I have a confession to make…I love mowing the lawn. No, “mowing the lawn” is not some weird Mantra-type sexual position. I mean it literally — I love cutting the grass!
We have a rather large piece of property with a nicely sized front yard and a backyard that is 300+ feet deep, as well as a sled-worthy hill between us and a neighbor. She also mows the lawn — at 95 years of age! In fact, our neighbor on the opposite side also mows her lawn. Drive down our street on any given April through October day and chances are one of us mamas is out there packing turf.

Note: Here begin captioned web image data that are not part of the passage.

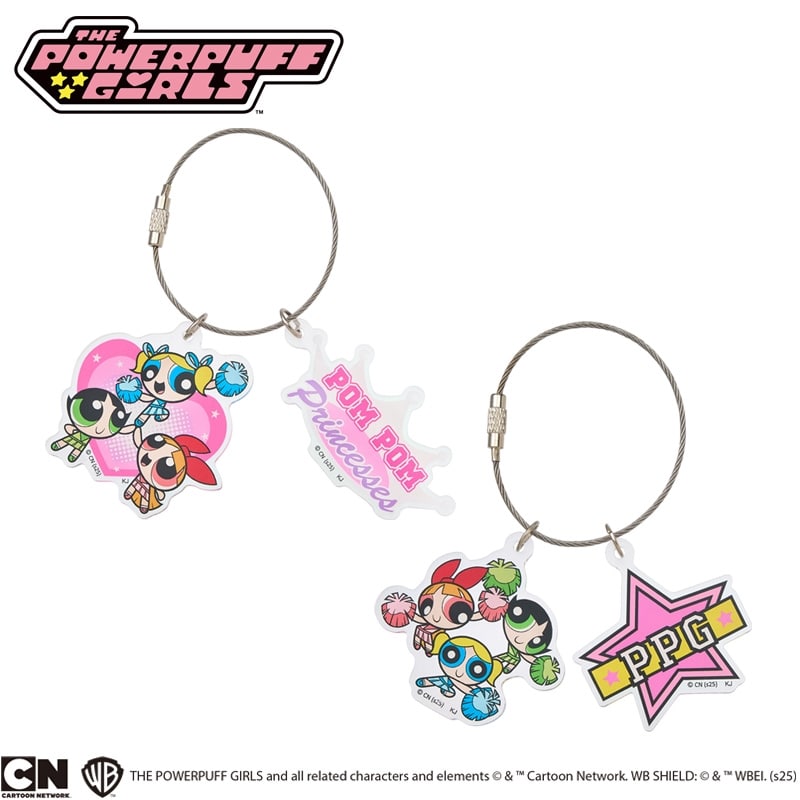 CRYBABY × パワーパフ ガールズ ミラーペンダント POP MART CRYBABY × パワーパフ ガールズ ミラーペンダント
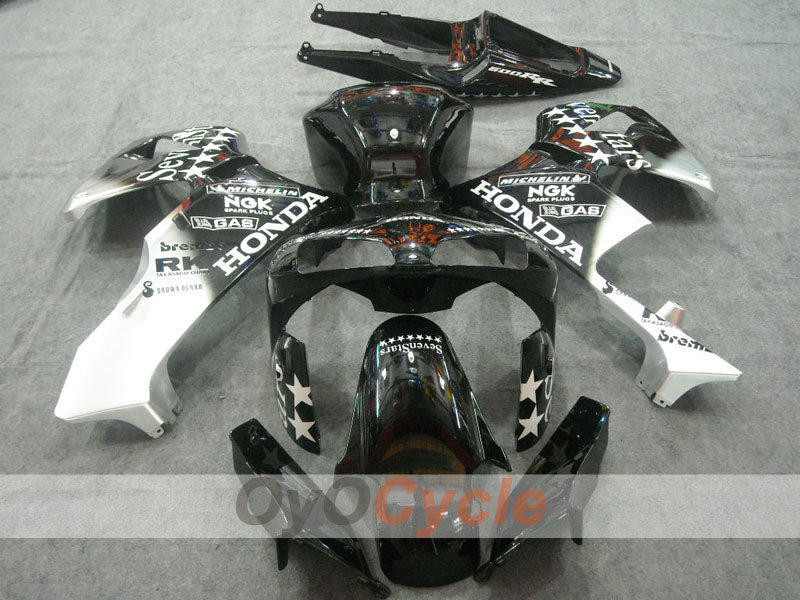 Verkleidungssatz für Einspritzermodelle der CBR600RR 03-04 - Weiß, Schwarz - SevenStars #OYO87902551 Hauptbild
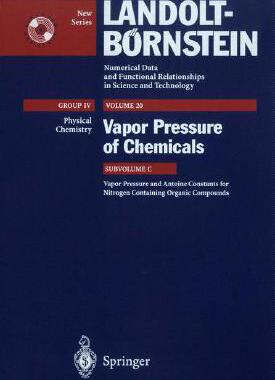 【预订】Vapor Pressure and Antoine Constants for Nitrogen Containing Organic Compounds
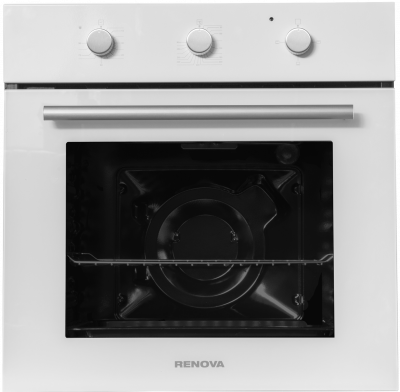 Электрический духовой шкаф RENOVA O90-3WS1 (белый), эмаль легкой очистки, 90 л, 3 режима 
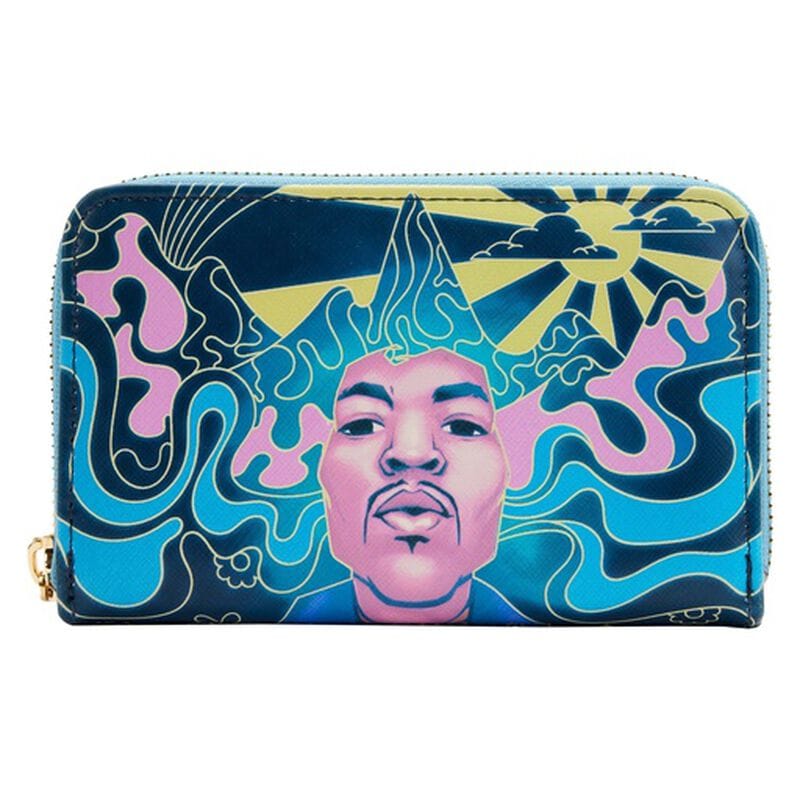 Jimi Hendrix Psychedelic Glow Landscape Portefeuille zippé 645769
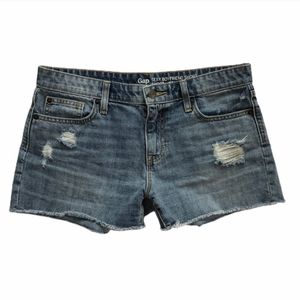Gap sexy boyfriend distressed cutoff shorts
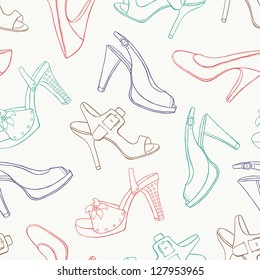 shoes seamless pattern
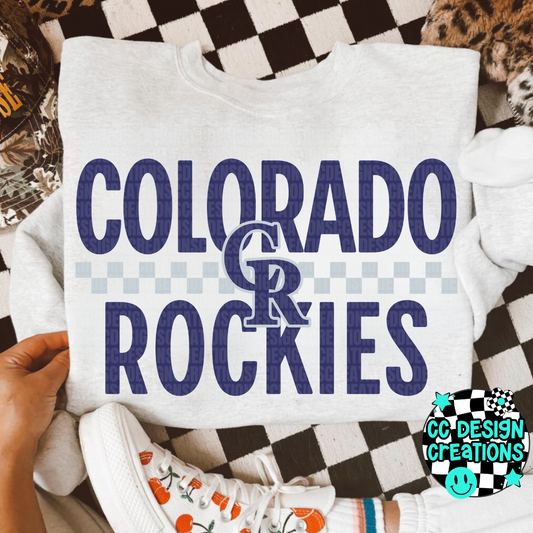 Rockies Retro PNG Digital Download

I don’t consider mowing the lawn a chore. Laundry, cleaning, cooking — now, that’s a chore. And living with four children creates a whole lot of dirty clothes, a sticky house and makes cooking a dirty word. Nope, I can’t wait to get out there and rev my estrogen levels right along with my 4.5 horsepower fossil-fuel-burning hunk of love. Now that gets me hot.
No one — and I mean no one — messes with me and my lawn mower, not even my hubby. There are several reasons why that task is mine, and why I make it a point to rendezvous with the lawn mower more than twice a month:
- I get the children out of the house with me (theoretically, avoiding any further trashing that has, no doubt, occurred indoors).
- I get a major workout. I didn’t have to pay for it, didn’t buy clothes for it, didn’t sign a membership contract for it, don’t have to drive to get to it, don’t feel guilty if I skip doing it for two weeks and most of all, don’t have to be in a room full of gym bunnies.
- It is a great stress reliever. Rather than feel the need to beat the crap out of the kids, I kick some Kentucky Blue turf instead.
- I also find myself feeling lulled into a sense of peace and harmony by the white noise produced by the lawnmower, sort of making use of a combination of yoga and active meditation techniques.
- Although this probably falls under #3, I can curse (out loud) the heck out of anyone has just about gotten on my last nerve and without confrontation. I love that.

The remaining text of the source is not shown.